What a crap line up.... Disappointed!


----------



## Jax (May 21, 2008)

Can't wait for Band Bros. DX and Animal Crossing Wii (I hope it's a MMOG)!


----------



## Minox (May 21, 2008)

LagunaCid said:
			
		

> Looking forward to be Kibiis and FE ^^


Kibiis?


----------



## Hadrian (May 21, 2008)

shaunj66 said:
			
		

> What a crap line up.... Disappointed!


I'm sure there are more when E3 happens.

It is a shame that Hoshi no Kirby: Ultra Super Deluxe is a remake but at least it'll give new gamers a chance to see its excellence.


----------



## Bob Evil (May 21, 2008)

Jax said:
			
		

> Can't wait for Band Bros. DX and Animal Crossing Wii (I hope it's a MMOG)!




It is an MMORPG ...


----------



## Minox (May 21, 2008)

Hadrian said:
			
		

> shaunj66 said:
> 
> 
> 
> ...


I have the Snes version


----------



## GeekyGuy (May 21, 2008)

Yakuman Wii?! WTF! Will this be a new Mario platformer for WiiWare? Wow! That would be something.


----------



## Hadrian (May 21, 2008)

irpacynot said:
			
		

> Yakuman Wii?! WTF! Will this be a new Mario platformer for WiiWare? Wow! That would be something.


Its Mahjong.


----------



## GeekyGuy (May 21, 2008)

Hadrian said:
			
		

> irpacynot said:
> 
> 
> 
> ...








Ahh...I thought Yakuman was the name they had for Mario in Japanese.

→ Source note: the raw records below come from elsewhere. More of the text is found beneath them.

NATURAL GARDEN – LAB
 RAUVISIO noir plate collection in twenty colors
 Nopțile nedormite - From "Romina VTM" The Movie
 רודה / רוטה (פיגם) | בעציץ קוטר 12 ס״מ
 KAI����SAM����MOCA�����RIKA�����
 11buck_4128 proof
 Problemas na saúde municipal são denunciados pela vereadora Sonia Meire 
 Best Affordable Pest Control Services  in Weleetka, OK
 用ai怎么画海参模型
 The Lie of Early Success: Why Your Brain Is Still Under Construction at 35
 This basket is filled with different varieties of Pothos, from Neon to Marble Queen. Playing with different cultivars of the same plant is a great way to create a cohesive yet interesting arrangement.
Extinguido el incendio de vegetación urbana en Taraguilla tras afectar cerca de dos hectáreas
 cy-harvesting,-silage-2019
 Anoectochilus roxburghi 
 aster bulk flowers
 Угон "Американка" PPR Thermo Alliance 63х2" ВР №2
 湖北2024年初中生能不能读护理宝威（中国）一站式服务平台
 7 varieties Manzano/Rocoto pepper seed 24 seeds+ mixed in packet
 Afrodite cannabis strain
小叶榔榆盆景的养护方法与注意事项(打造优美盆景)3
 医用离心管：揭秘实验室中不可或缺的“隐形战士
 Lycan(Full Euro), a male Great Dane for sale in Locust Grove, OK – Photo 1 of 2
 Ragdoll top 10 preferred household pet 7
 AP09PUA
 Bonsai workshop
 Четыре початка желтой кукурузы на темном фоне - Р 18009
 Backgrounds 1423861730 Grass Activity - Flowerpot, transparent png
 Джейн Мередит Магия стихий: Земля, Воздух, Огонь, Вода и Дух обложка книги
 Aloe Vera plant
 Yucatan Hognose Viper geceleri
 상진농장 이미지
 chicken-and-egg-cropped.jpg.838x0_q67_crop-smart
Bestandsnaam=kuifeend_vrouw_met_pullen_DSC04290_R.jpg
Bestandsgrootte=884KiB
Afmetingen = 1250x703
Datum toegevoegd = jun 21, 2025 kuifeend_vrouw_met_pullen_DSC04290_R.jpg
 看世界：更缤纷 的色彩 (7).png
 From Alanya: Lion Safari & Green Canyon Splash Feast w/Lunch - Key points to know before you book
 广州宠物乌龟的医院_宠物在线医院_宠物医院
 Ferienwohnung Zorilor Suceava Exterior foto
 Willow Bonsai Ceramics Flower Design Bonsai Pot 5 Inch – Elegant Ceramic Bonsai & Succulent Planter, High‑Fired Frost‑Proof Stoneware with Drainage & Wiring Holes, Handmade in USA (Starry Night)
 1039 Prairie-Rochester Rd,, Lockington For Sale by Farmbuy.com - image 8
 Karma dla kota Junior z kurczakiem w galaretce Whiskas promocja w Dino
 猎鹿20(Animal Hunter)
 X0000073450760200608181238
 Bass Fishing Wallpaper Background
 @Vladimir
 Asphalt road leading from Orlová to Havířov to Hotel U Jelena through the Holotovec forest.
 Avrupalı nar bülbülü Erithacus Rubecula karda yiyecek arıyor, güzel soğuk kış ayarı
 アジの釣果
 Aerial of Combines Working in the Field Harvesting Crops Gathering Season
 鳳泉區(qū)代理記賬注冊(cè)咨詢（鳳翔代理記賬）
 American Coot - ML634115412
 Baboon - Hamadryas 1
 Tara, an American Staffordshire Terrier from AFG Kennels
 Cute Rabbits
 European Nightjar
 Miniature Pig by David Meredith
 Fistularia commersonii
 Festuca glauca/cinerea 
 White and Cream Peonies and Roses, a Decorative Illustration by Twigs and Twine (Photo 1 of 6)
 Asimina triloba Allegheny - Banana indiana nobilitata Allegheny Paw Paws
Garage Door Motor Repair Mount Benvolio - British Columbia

That's too bad.


----------



## Jax (May 21, 2008)

irpacynot said:
			
		

> Hadrian said:
> 
> 
> 
> ...



Wha?


----------



## Hadrian (May 21, 2008)

irpacynot said:
			
		

> Hadrian said:
> 
> 
> 
> ...


Mario is Mario there.


----------



## Hit (May 21, 2008)

* Fatal Frame IV
* Wii Chess (out in Europe already) (This 28MB(Trimmed) game isn't even worth WiiWare)
* Disaster: Day of Crisis (delayed)
* Mario Super Sluggers (What?)
* Wii Music (Sigh)
* Kirby (DS Game was fun Hope Wii version will also be fun)
* Animal Crossing Wii (YES!!!)


----------



## Minox (May 21, 2008)

Hit said:
			
		

> * Fatal Frame IV
> * Wii Chess (out in Europe already) (This 28MB(Trimmed) game isn't even worth WiiWare)
> * Disaster: Day of Crisis (delayed)
> * Mario Super Sluggers (What?)
> ...


Why aren't you looking forward to Hoshi no Kaabii: Ultra Super Deluxe?


----------



## BakuFunn (May 21, 2008)

YAY i want the kirby for DS and DS air. (jet impulse i think)
I really want a wii, but i spent that money on a psp.


----------



## Hadrian (May 21, 2008)

Hit said:
			
		

> * Mario Super Sluggers (What?)


Its the Baseball game, sequel to the GameCube one but with an all new engine apparently.

And also you should look forward to Kirby Super Star Deluxe.  For me the original is up there with Kirby Canvas Curse & Kirby Blockball,


----------



## SavageWaffle (May 21, 2008)

da_head said:
			
		

> what's "wiiware"?



Games you can buy from the Wii shop, most from SNES,NES,n64, etc.


----------



## CockroachMan (May 21, 2008)

Hope they have more to show at E3..

The idea of WiiMusic is interesting.. 

All the last Kirby games were OK, but just more of the same.. hope they have something good with smart use of the Wii controls for this one.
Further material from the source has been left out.